What is Corporate Culture?
Every business, no matter how big or small, has their own unique corporate culture. You may be familiar with the concept of corporate culture, but have you thought about how it plays into the success of your business?
Referring to the shared ideals, customs, attitudes, principles, and philosophies that characterize members of an organization, corporate culture is rooted in an organization's goals and strategies for achieving success.
Why Does it Matter?
Understanding your company's culture, and learning how to manage it properly, can help you reach your goals and grow as an organization. A thriving culture can inspire employees to do their best, improve employee retention rates, and attract top employees to your organization. A dysfunctional culture can have the opposite effect, even leading to the demise of your organization in a worst-case scenario.
How Does it Develop?
Corporate culture doesn't develop overnight, but an organization's owners and founders tend to set the stage for how it manifests over time. When a business is starting out, the owner is most likely the one in charge of hiring decisions, or at least has a final say in who joins the team. It's likely that he or she will hire others with a set of values and personality traits similar to their own. For example, an owner or founder that is very detail-oriented and personable may look for people that also display these attributes. Someone that is more laid-back in their management and work styles mayseek out employees with a similar outlook. As the company grows, more individuals with these same traits are likely to join, thus shaping the culture to value these qualities.
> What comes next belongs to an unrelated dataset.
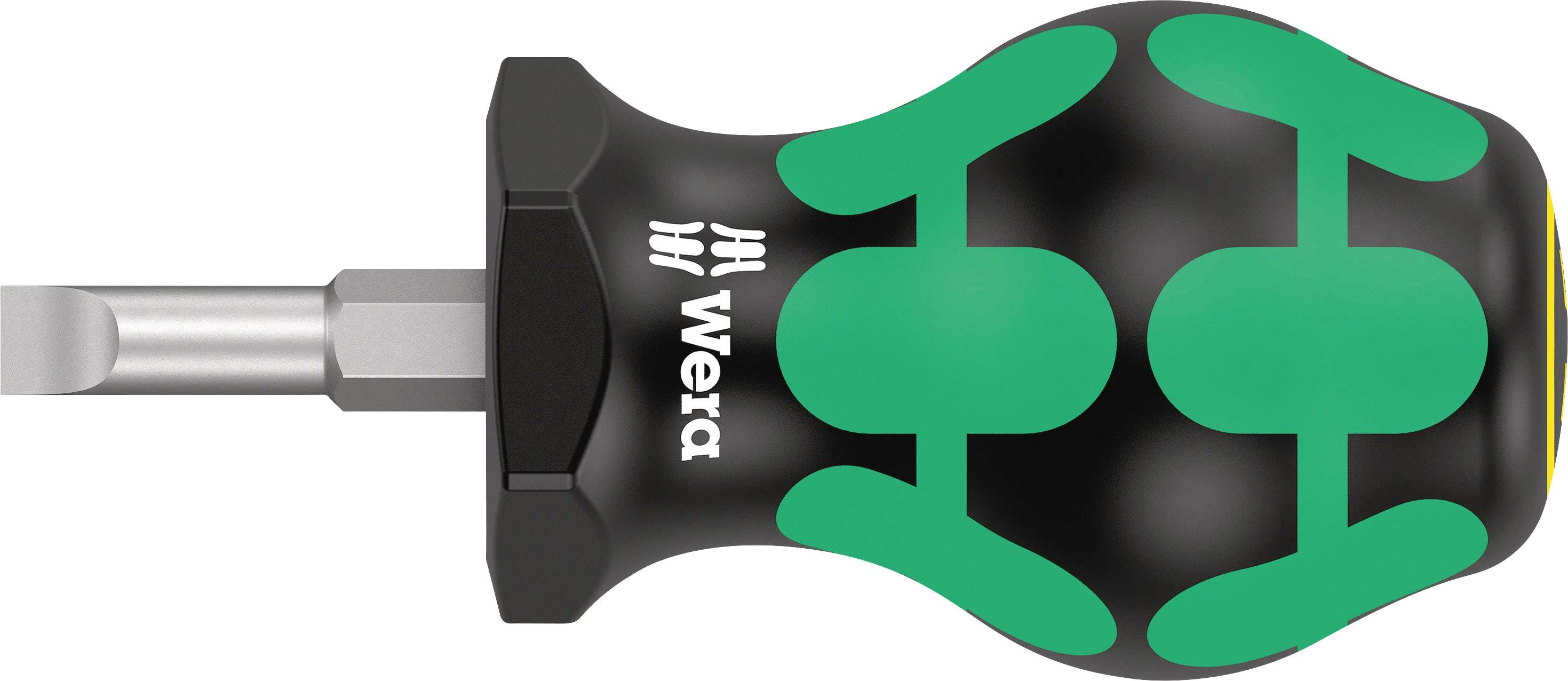 Wera Werk Vergaserschraubendreher 05008842001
However, no two hires are identical. Each person brings something different to the table. This is also something to consider when building and managing a company culture. Every addition to your company can affect your culture in some way.
How Do You Manage Culture?
Before you can manage your culture, you have to understand it and decide if it is what you envision for your business. This will require you to identify the internal and external factors affecting your organization. Answering the following questions may help you in your research:
- How would you describe your business?
- What kind of behaviors are encouraged and rewarded?
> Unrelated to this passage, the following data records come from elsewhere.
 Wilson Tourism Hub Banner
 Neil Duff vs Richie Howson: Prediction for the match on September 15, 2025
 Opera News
- Which employees seem to fit in, and which ones seem out of place? Why?
- What are the value proposition and mission for your business?
- Are you happy with the state of your business and how work gets done? Why or why not?
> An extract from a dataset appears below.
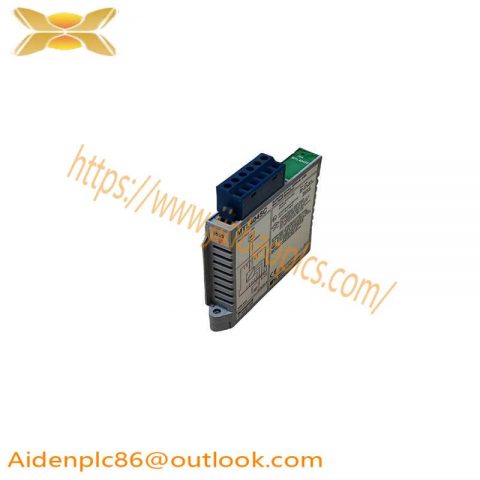 HONEYWELL MTL4045C Isolating Driver - Advanced Control for Industrial Applications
Once you answer these questions, you can decide whether you want to encourage the current state of your culture, or work to change it, if it's not leading to the business outcomes you desire.
Even if you are happy with your company's culture, it doesn't mean that you can be complacent in managing it. Check-in with your employees regularly, whether it's via anonymous satisfaction surveys or one-one-one meetings. Look for new ways to make your employees even more productive. As your company grows, make sure it grows in line with your mission, vision, and values.
If, on the other hand, you're finding that your current culture creates an environment that leads to poor business outcomes and unhappy employees, it's not too late to get on a better track. Changing your culture may be one of the most difficult things you face as a manager, but it's not impossible.
When you embark on a culture shift, you want to make sure your employees, especially managers, understand why the changes are necessary. Remind your organization of your business' underlying mission, values, and goals. Also remember to keep the lines of communication open. Your employees want to feel trusted, just as you want them to trust you. You may need to make some tough decisions during this time, and those who are not committed to this change may not be a good fit for your company in the long run.
Embracing Culture Management There are many ways you can continue to develop your organization's culture so that your business, customers, and employees benefit in the long run. With a clear understanding of your company's culture from the start, you'll be better able to manage it moving forward.